A delightful tale of love narrated to the audience in a ballad-like song sung by Jacob Rajan, the writer and sole actor

Through A Funny-Poignant Masque
Through A Funny-Poignant Masque

Krishnan’s Dairy
Jacob Rajan.
Directed and written by Jacob Rajan.
Rating: ***

Gobi Krishnan is a middle class Indian man who moves to New Zealand with his wife, Zina, and newborn son, Apu, in search of a better life for his family. He opens up a ‘dairy’—which in NZ is a corner store selling everything from fresh vegetables to mint candies—and is happy chasing his dream in a foreign land. But Zina is constantly homesick and wishes she could go back to the warmth of family and friends in her own land. He tries to comfort her, even as he chides her for not being friendly with the customers. She fusses over him, and cribs about life in a bitterly cold climate. And thus the couple—who has had an arranged marriage—gradually “grow into love”.

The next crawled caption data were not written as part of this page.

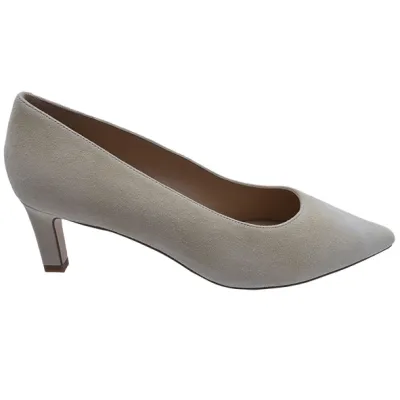 Peter Kaiser 72403 Beige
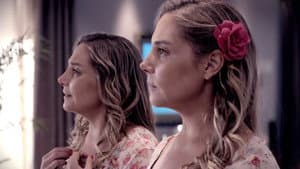 Episodio 9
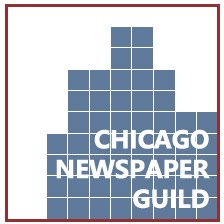 Five Years Of Talks With ‘Vulture Capitalists’ Yield Pact For Chicago Tribune Newspaper Workers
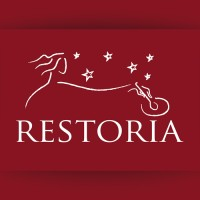 RESTORIA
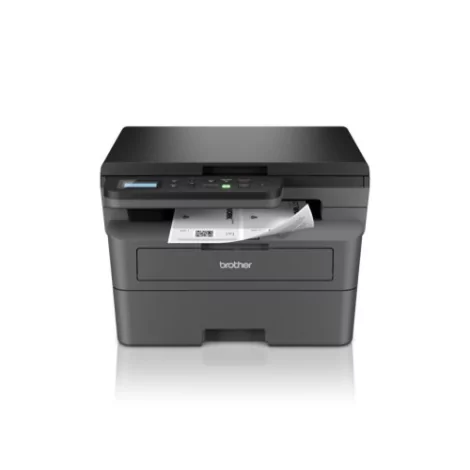 Brother DCP-L2620DW imprimante multifonction Laser A4 1200 x 1200 DPI 32 ppm Wifi-La Halle Informatique-[product_reference]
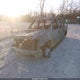 2GTEK13M071596729 2007 GMC Sierra 1500 Slt auction photo thumbnail 2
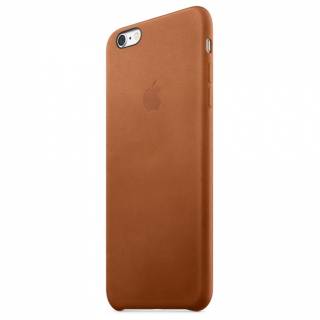 Apple for iPhone 6/6s Brown MKXR2ZM/A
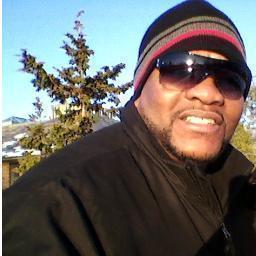 Date this delightful United States man Donhue from Queens US12265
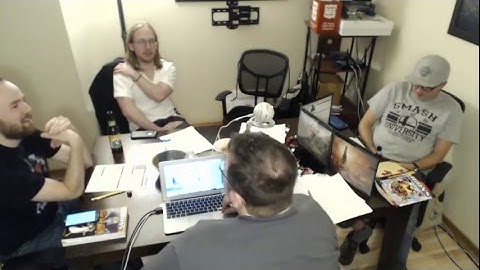 Role Mangging - The Racketeer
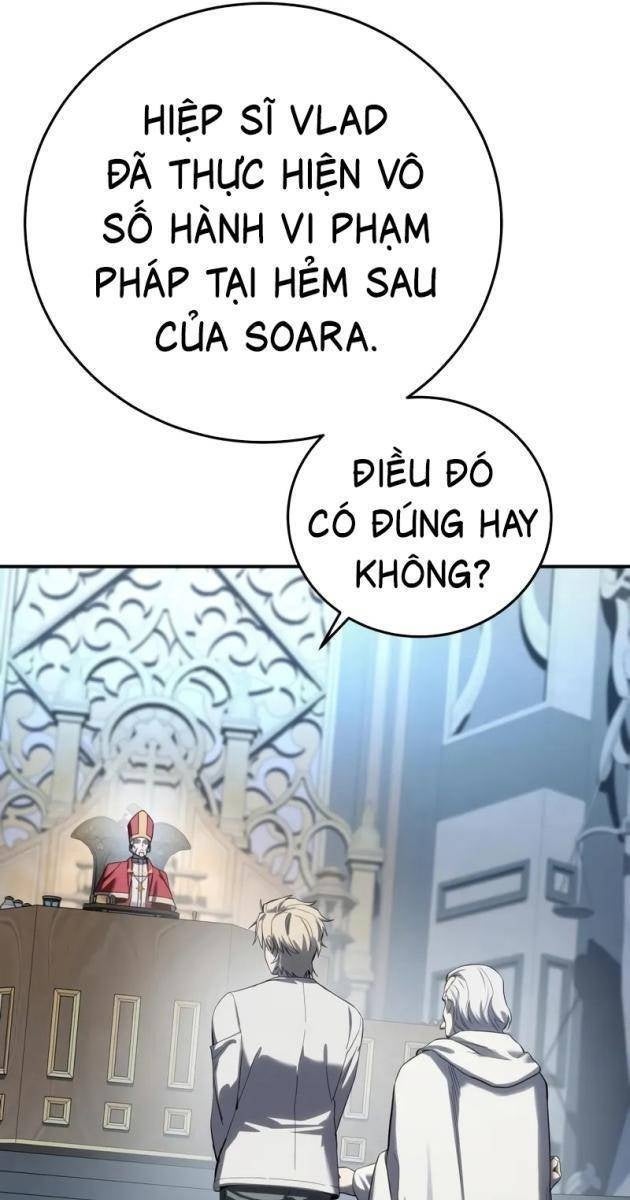 Tinh Tú Kiếm Sĩ - Page 144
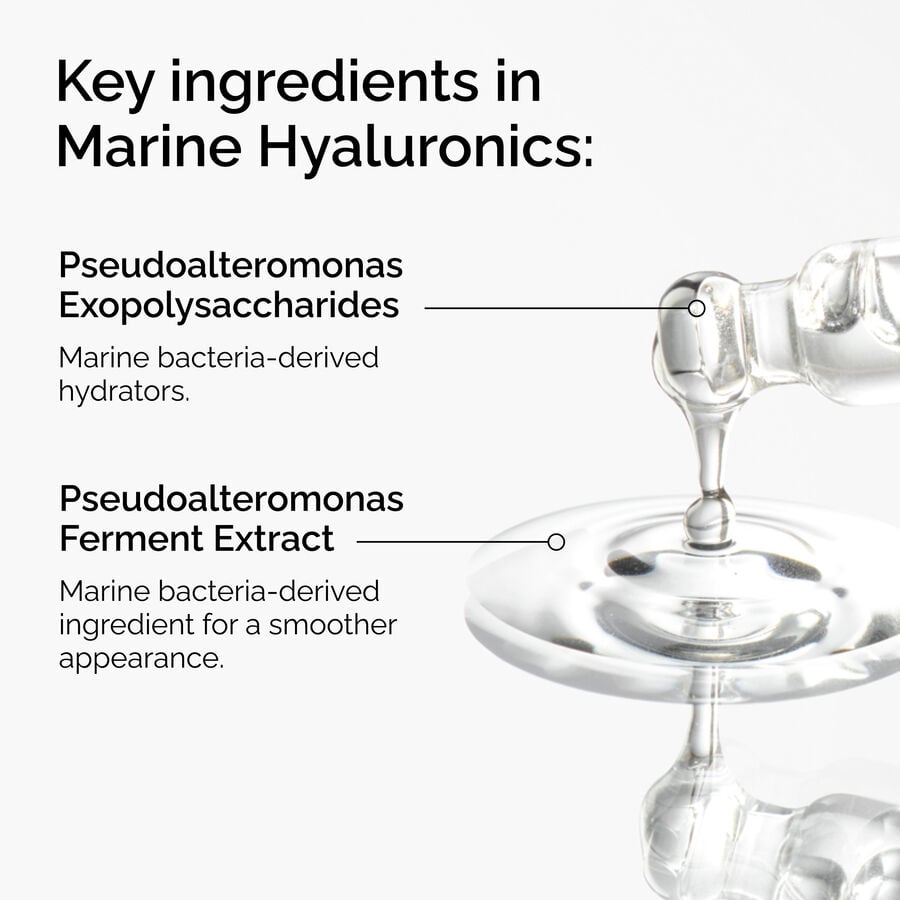 marine-hyaluronics-k6 FY25-D41247-ORD-Web-PDP-Marine-Hya-1x1-EN-2a.jpg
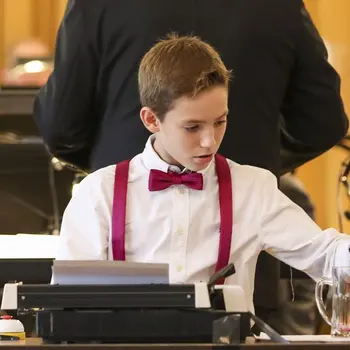 Foto: Robert Eipeldauer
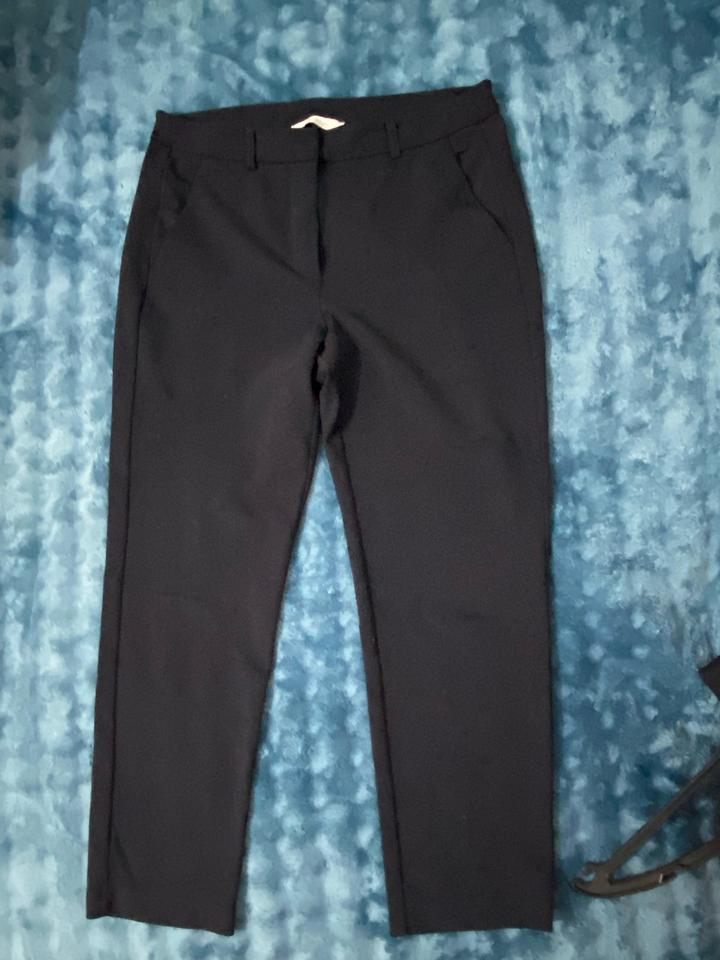 Max Mara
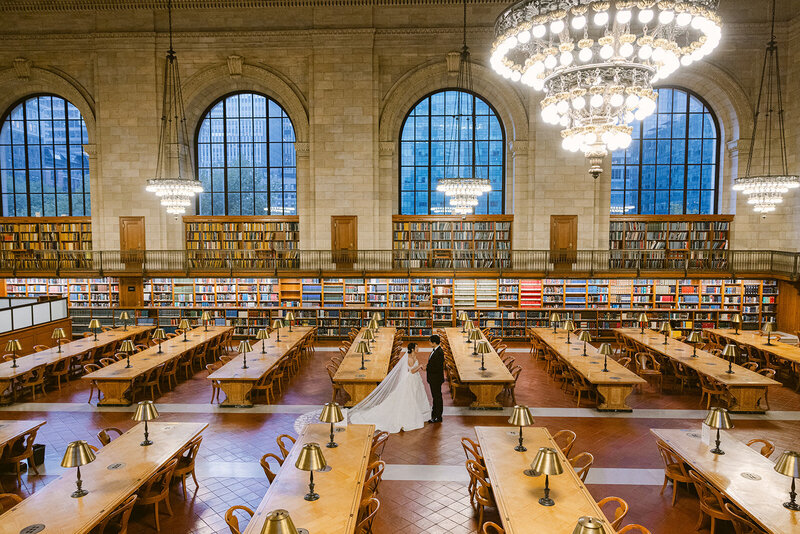NYPL_BoShim_019_19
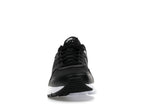 Nike Air Max Sc Black White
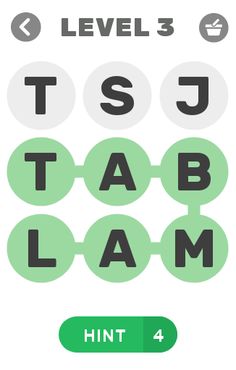 UJI MINDA 2020 - Screenshot 3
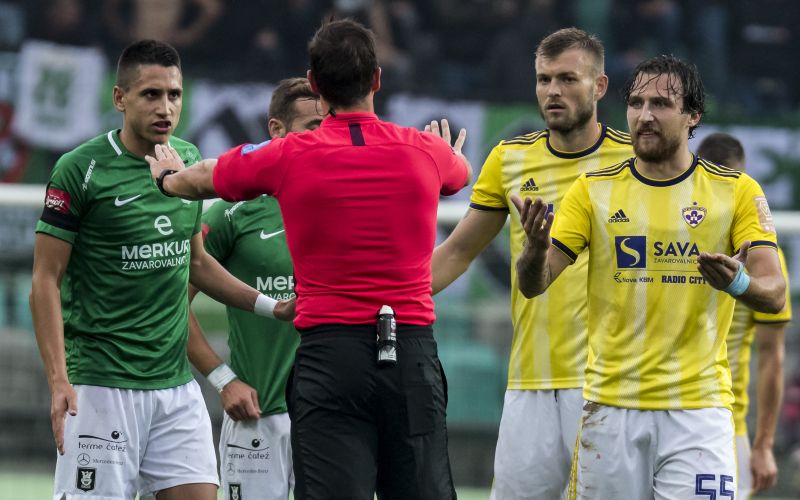 olimpija maribor.jpg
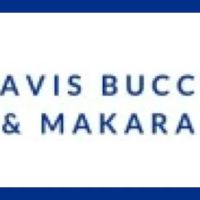 Davis Bucco ico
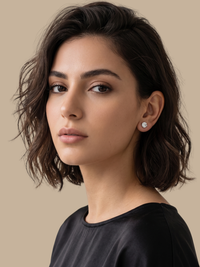 Diorra Drop Earrings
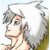 :iconhanashiro-e4:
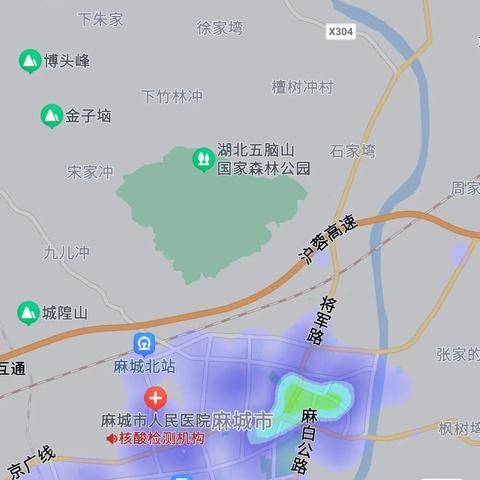 武汉市远城区哪个好一点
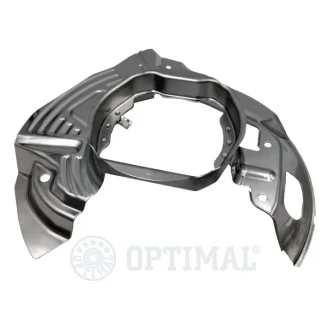 Захист гальмівного диска OPTIMAL BSP5015L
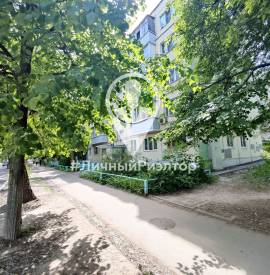Рязань, Продается 3-к квартира, 1/5 эт., Касимовское шоссе, д. 40, Квартиры, На продажу, Дашково песочня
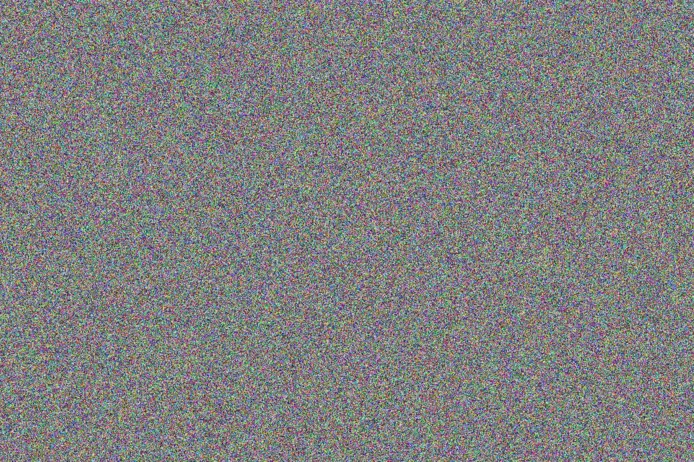 Willem Jonker desiree hall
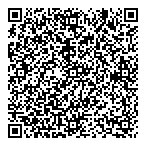 QR код "Вектор"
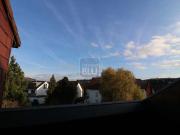 Wohntraum: Dachterrasse im Grünen, EBK, Garage,...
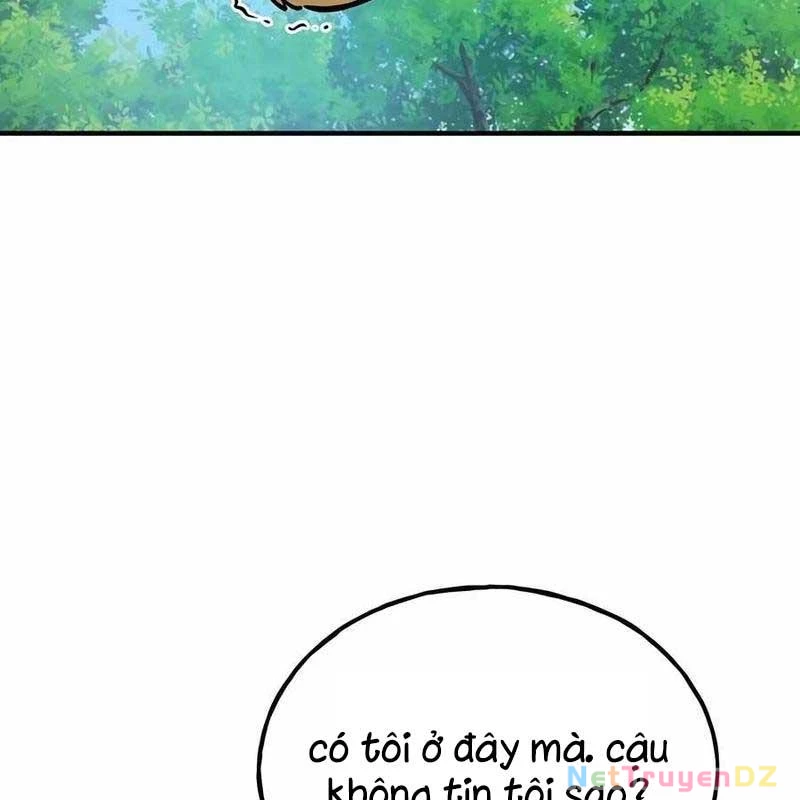 Làm Nông Dân Trong Tòa Tháp Thử Thách Chapter 90 - Trang 4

Their delightful tale of love is first narrated to the audience in a ballad-like song sung by Jacob Rajan, who is not just founder of the theatre group performing the play—Indian Ink—but is also the writer and sole actor. He himself plays every single character, both male and female, merely changing face masks to take on a different role. This is all the more amazing, because the performance is packed with dialogues between characters, including heated exchanges. Rajan flicks the masks on and off so swiftly it leaves you with the overwhelming sense of actually having witnessed a conversation or a quarrel. More remarkably, he is able to take on distinct personalities with simple changes in mannerisms—the pronounced slouch of Gobi or gender-specific body movements, like the slightly ‘feminine’ hand movements of Zina—without reducing it to a caricature or stereotype. Cha­nging expressions, visible through the eye-openings of the mask, play a definite role in creating the illusion of a dazzling array of characters.

These include Mughal emperor Shah Jahan and his beloved wife Mumtaz Mahal, who are brought to life—before being laid to rest, at least in the case of the latter—in a subplot that merges with the love story of Gobi and Zina. The historical narrative, too, is enchantingly retold by Rajan, who brings out lesser known, yet more scintillating aspects, of the famous Mughals, such as the long original names of the emperor and his queen as well as details of the cruelty and tyranny that was unleashed on the people by the grieving emperor while the Taj Mahal was being created. The masks for Shah Jahan and Mumtaz Mahal are as fascinating as they are cleverly conceived, with the two sides of the same headgear representing king or queen (with the result that when Rajan as Shah Jahan turns his back, he becomes Mumtaz Mahal).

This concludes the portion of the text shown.